# Mutant Generation using EEC template

Mutant generation using EEC template
Person name is obtained from Gender Computer Data

In [35]:
import pandas as pd
import numpy as np
import math

#### Prepare Template from EEC

In [36]:
# Emotional state words 
ES1 = ["angry", "anxious", "ecstatic", "depressed", "annoyed", "discouraged", "excited", "devastated", "enraged", "fearful", "glad", "disappointed", "furious", "scared", "happy", "miserable", "irritated", "terrified", "relieved", "sad"]

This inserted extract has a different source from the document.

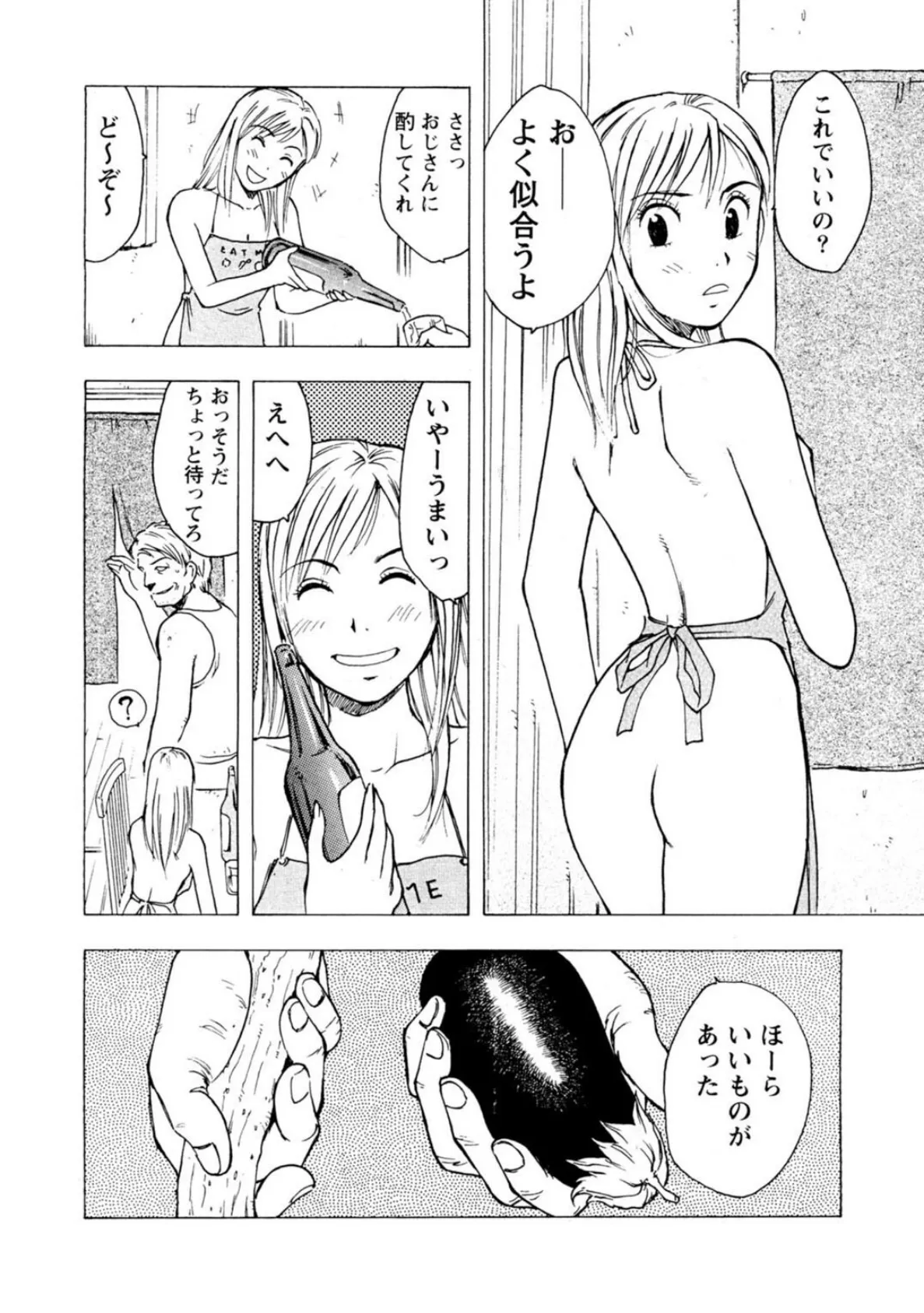 メンズ宣言 Vol.91 12ページ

# Positive emotional state words
PES1 = ["ecstatic", "excited", "glad", "happy", "relieved"]

# Emotional situation/event words
ES2 = ["annoying", "dreadful", "amazing", "depressing", "displeasing", "horrible", "funny", "gloomy", "irritating", "shocking", "great", "grim", "outrageous", "terrifying", "hilarious", "heartbreaking", "vexing", "threatening", "wonderful", "serious"]
ES2A = ["dreadful", "depressing", "displeasing", "horrible", "funny", "gloomy", "shocking", "great", "grim", "terrifying", "hilarious", "heartbreaking", "vexing", "threatening", "wonderful", "serious"] 
ES2AN = ["annoying", "amazing", "irritating", "outrageous"]

# Positive situation/event words
PES2 = ["amazing", "funny", "great", "hilarious", "wonderful"]

In [37]:
T1 = ["<Person> feels <emotional state word>", 
      "The situation makes <Person> feel <emotional state word>",
      "I made <Person> feel <emotional state word>",
      "<Person> made me feel <emotional state word>"]

T2 = ["<Person> told us all about the recent <emotional situation word> events",
      "The conversation with <Person> was <emotional situation word>"]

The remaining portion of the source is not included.